Rachel Willey is a book cover designer residing in Brooklyn, NY. Counted among her many remarkable designs is the cover for Brit Bennett's The Mothers. Spine contributor Vyki Hendy contacted Willey about the work. Here is Willey's process for developing the cover in her own words.
From the very beginning, The Mothers was described as a book that was going to be a literary event upon it’s release and our team at Riverhead wanted to be sure that this was communicated through it’s cover. Even though this was Brit’s first novel we wanted to make a big, bold move and grab the attention that she deserved.

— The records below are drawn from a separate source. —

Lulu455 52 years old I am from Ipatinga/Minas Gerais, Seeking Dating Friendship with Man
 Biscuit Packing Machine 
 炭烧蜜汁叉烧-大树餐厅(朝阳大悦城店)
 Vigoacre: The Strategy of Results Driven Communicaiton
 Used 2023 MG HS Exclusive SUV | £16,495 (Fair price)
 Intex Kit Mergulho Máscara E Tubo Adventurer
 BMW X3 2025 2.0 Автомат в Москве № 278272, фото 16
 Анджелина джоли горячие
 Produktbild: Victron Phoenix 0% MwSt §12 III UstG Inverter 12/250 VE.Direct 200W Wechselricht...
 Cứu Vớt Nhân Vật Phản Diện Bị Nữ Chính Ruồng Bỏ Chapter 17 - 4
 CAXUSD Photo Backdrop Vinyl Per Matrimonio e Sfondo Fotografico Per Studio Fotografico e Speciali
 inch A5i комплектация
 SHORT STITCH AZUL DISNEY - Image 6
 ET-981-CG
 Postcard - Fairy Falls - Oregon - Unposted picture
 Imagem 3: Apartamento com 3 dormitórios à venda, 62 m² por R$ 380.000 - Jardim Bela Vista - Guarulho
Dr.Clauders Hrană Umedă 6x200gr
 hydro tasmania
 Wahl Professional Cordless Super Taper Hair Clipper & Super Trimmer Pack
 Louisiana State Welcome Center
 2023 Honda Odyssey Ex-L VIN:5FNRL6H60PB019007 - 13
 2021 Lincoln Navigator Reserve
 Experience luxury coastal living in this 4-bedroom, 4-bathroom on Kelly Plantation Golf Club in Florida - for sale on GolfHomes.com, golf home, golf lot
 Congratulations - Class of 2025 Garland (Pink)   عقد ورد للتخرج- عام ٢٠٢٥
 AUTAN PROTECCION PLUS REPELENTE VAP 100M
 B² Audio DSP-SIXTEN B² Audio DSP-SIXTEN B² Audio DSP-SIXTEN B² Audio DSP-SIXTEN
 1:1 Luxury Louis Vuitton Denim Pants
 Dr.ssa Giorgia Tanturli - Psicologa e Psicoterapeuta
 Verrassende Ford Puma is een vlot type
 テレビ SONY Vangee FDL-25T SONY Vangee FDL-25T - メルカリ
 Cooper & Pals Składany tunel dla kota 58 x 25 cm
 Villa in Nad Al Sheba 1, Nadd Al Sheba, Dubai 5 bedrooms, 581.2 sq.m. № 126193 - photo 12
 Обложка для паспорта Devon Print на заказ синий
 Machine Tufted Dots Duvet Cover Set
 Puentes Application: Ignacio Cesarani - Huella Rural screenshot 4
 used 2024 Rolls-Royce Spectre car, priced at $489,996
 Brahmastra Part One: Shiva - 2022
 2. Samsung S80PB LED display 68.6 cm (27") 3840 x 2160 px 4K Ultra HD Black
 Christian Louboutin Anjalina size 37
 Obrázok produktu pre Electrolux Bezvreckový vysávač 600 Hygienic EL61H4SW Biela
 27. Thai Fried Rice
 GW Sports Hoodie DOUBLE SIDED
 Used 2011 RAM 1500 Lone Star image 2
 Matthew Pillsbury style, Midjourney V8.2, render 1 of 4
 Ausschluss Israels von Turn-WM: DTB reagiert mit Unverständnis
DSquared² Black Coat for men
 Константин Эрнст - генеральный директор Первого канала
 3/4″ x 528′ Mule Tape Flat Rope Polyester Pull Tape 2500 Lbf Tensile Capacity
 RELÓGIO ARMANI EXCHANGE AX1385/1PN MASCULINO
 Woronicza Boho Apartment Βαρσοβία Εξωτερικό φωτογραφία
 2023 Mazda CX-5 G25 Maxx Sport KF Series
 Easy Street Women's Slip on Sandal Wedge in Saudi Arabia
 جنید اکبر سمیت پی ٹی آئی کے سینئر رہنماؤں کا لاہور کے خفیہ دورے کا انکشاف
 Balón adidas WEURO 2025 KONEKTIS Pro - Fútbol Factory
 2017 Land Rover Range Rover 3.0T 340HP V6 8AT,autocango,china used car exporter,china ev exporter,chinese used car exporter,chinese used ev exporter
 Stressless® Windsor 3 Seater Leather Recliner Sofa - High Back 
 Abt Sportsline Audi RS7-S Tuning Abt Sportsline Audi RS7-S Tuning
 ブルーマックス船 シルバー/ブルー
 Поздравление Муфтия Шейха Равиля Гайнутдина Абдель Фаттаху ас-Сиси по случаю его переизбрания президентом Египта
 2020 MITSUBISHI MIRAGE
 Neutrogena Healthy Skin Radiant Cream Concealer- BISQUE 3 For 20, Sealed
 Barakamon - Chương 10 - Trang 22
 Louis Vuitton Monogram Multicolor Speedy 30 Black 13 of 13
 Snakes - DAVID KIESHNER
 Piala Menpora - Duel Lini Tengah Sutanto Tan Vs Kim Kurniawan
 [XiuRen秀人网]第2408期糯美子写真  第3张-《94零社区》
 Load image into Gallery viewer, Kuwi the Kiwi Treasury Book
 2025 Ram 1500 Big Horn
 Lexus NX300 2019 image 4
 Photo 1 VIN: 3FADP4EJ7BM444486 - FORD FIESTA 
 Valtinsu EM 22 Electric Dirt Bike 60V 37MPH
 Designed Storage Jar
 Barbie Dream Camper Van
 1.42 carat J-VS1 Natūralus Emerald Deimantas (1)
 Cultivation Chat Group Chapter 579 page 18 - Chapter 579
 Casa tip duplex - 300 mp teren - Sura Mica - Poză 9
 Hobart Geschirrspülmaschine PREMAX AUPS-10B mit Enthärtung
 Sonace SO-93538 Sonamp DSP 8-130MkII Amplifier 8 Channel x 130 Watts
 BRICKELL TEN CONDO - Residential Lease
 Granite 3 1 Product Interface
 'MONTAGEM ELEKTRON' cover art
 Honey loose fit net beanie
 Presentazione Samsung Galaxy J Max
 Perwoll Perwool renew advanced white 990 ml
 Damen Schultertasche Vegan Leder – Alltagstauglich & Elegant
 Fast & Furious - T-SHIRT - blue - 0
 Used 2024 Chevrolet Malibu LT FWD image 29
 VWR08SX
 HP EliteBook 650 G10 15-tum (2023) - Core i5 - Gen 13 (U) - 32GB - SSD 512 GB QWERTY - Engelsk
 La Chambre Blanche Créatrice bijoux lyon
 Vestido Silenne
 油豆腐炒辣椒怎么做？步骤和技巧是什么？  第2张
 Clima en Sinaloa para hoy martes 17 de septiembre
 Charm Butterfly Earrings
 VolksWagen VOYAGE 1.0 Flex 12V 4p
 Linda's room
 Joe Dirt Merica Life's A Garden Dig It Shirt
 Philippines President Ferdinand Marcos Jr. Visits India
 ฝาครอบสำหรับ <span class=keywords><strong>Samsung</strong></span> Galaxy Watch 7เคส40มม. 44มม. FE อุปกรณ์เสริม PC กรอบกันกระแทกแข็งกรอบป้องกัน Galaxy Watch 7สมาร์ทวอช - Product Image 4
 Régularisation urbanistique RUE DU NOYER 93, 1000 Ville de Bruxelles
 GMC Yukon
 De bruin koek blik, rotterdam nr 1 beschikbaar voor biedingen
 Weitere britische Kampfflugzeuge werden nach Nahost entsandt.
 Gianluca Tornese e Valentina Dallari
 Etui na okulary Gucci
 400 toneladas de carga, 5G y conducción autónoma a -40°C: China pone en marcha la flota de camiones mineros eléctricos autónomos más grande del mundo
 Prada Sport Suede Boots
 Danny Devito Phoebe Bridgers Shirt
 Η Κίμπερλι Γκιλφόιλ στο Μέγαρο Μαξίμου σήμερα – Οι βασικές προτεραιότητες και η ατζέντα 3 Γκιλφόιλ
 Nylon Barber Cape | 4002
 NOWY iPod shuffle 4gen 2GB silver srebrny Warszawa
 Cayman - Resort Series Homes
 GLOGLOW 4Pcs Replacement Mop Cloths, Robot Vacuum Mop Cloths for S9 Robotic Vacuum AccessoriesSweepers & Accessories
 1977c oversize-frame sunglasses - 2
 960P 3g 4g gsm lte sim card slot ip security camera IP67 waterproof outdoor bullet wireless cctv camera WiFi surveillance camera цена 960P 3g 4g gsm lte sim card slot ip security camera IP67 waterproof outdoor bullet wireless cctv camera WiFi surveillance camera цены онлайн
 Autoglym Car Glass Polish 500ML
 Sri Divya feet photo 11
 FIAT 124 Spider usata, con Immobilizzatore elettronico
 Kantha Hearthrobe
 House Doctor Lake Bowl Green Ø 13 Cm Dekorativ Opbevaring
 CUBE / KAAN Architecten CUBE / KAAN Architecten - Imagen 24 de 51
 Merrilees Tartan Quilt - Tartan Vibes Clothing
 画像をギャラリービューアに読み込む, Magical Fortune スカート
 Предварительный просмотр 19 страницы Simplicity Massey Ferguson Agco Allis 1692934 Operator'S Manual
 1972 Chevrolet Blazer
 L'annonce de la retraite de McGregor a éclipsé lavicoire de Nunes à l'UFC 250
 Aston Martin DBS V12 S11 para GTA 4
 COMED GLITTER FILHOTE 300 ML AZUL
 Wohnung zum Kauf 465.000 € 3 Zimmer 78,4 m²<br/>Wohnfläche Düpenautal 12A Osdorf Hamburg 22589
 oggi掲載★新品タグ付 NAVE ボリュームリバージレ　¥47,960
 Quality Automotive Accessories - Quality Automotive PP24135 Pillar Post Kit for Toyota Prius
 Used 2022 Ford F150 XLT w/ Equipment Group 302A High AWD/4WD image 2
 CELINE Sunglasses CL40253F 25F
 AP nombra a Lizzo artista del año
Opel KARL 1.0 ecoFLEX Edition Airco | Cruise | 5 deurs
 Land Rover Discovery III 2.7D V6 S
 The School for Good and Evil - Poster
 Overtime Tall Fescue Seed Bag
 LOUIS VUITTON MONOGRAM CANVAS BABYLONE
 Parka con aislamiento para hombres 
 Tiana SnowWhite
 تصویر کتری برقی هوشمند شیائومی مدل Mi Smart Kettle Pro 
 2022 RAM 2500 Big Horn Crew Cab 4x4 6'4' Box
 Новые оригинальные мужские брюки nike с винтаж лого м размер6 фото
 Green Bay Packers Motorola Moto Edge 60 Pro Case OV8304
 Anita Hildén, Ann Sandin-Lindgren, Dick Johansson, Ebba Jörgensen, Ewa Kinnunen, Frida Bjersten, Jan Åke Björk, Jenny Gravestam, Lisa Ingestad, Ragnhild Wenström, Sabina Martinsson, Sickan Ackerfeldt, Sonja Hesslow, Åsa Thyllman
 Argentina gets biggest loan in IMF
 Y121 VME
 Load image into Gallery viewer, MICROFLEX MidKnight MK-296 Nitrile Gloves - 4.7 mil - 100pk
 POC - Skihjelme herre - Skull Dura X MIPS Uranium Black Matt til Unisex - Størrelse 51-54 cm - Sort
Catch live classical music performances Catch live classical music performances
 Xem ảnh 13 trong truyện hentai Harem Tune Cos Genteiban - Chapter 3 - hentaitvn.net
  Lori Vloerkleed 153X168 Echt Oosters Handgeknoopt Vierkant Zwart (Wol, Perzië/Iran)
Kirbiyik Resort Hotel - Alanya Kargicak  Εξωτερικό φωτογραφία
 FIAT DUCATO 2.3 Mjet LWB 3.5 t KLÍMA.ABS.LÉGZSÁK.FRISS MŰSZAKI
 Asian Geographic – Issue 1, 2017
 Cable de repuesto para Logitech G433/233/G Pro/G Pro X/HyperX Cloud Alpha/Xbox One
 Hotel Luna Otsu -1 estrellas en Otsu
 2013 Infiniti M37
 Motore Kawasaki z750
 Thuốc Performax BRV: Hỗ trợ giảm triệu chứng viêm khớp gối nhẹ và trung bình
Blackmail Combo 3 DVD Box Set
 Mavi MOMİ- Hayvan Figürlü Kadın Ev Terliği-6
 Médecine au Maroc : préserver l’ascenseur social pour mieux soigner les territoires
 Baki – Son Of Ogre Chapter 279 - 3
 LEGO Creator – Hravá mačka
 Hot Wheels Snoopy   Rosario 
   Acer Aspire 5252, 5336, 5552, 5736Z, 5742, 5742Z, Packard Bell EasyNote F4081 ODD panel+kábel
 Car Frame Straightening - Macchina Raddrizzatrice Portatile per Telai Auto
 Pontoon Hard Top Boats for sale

The novel explores friendship and motherhood in different forms, one of which being in the church community. At the beginning of the design process, I tried to steer clear of all imagery. I think that I was afraid of painting the book into a corner that wouldn’t represent it accurately.
I began with mostly typographic solutions that were not coming out and saying anything in particular. They felt big, but also stagnant and lacking the warmth that the story held. My second round of designs, I began incorporating female silhouettes and some visual references to stained glass windows. Silhouettes can be a tricky design device because although they are an easy way to show that a book is about people, they are often hard to use in an interesting way. To combat this, I played around with overlapping the silhouettes and having them interact with color and pattern at their intersections. I wanted to reflect that the story centered on relationships between women and the ways that they effect one another. At my art director’s suggestion, I tried some tighter crops of the forms that gave them some abstraction and made them not read immediately as women. This added some mystery to the cover.
The final product was one of the last designs I did, I believe it actually happened right before the meeting. Once I printed it out it immediately became my favorite. I remember it was sitting in the printer tray and a coworker commented on it, which seemed like a good omen. Luckily everyone in the meeting loved it as well and the rest is history!